Thursday, 19 January 2012

Ljubljana - Sat 31st Dec


With work being a virtual ghost town we took the opportunity to have a half day and have lunch at Spitalfield markets and then make our way to Stansted.

After a relatively uneventful flight we landed in Ljubljana, the capital of Slovenia and home to about 270,000 people. The airport was teeny tiny and against all expectations the airport transfer that Lou organised went off without a hitch and we got to our hotel located in the heart of the city by about 9pm. We dumped our stuff and headed out to the main square which was literally breath-taking. The Christmas markets were in full swing and the lights around the square were so pretty, and then we saw the castle all lit up towering over the city and we were truly impressed. We wandered around for a bit then hunger overtook us and we queued up for the standard hot dog and hamburger that these little stalls sell, in addition to some delicious mulled wine. We returned to our hotel really excited about exploring tomorrow and keen to get a good night's sleep. 



Saturday 31st Dec

We got up reasonably early and sampled the buffet breakfast which wasn't too bad. They had a weird habit of putting all of the leftovers from dinner the night before out for breakfast so along with your eggs and toast you could have cooked vegetables and pasta!
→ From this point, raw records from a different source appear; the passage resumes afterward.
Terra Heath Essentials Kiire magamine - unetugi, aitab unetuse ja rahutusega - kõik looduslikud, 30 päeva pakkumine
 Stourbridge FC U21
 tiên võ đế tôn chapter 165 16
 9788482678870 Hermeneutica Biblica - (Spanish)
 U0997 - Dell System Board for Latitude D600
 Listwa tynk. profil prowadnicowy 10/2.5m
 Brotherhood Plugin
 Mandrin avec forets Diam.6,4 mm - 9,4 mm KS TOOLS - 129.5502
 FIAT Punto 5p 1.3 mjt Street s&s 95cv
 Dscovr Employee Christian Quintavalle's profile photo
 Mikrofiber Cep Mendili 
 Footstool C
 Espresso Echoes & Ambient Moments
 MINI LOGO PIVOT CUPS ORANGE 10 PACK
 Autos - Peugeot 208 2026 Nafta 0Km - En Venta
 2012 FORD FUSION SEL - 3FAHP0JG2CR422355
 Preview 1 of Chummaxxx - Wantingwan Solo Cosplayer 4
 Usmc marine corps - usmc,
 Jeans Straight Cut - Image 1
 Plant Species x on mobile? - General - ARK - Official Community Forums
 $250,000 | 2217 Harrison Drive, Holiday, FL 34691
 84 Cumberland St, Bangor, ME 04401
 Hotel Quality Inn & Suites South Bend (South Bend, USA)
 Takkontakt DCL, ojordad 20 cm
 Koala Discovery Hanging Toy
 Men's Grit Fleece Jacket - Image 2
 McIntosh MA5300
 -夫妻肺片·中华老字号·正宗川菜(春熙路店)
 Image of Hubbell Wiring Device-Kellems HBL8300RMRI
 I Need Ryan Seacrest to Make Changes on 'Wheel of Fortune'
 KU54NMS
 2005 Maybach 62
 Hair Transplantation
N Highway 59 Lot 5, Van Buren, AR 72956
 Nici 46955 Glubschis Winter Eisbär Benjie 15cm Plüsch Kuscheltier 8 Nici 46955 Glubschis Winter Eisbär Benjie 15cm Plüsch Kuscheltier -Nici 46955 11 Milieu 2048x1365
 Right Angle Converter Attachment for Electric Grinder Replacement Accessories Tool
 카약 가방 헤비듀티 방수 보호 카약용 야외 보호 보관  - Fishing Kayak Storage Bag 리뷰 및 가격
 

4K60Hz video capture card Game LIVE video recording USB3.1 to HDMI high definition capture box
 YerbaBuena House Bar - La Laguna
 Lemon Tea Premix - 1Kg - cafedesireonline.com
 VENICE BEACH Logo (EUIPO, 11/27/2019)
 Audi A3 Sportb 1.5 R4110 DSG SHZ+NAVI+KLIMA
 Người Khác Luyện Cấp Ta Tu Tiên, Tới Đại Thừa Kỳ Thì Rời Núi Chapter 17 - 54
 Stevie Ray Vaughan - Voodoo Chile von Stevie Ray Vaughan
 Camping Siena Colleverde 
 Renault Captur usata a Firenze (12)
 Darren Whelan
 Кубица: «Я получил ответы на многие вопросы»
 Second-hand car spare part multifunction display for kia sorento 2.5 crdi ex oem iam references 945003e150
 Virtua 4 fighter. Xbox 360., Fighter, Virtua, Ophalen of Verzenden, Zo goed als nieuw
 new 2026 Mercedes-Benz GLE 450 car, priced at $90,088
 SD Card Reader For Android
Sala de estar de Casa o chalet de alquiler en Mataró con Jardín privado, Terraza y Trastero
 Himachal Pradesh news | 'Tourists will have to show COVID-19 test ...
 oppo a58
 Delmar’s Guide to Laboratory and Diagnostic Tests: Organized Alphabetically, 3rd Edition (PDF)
Wrapped in about 7 layers we staggered out the door to begin exploring. We decided to see the square in daylight and it was definitely better at night. We saw Saint Nicholas Cathedral which was originally built in 1262 but was renovated in 1841. From there we wandered into the central market where you could buy such an impressive variety of fruit and veges, I don't know but I had this thought that you wouldn't be able to get things like pineapples and bananas easily in Slovenia but I was wrong. From there we crossed the Dragon Bridge which was built between 1900 and 1901, when the city was part of Austria-Hungary. Some residents nicknamed the bridge "mother-in-law" in reference to the fearsome dragons on its four corners.
 

Next was the Butchers' Bridge which is decorated with the works by the Slovenian sculptor Jakov Brdar. Shortly after the opening of the bridge padlocks of couples in love started appearing on its steel wires, symbolizing declarations of eternal love.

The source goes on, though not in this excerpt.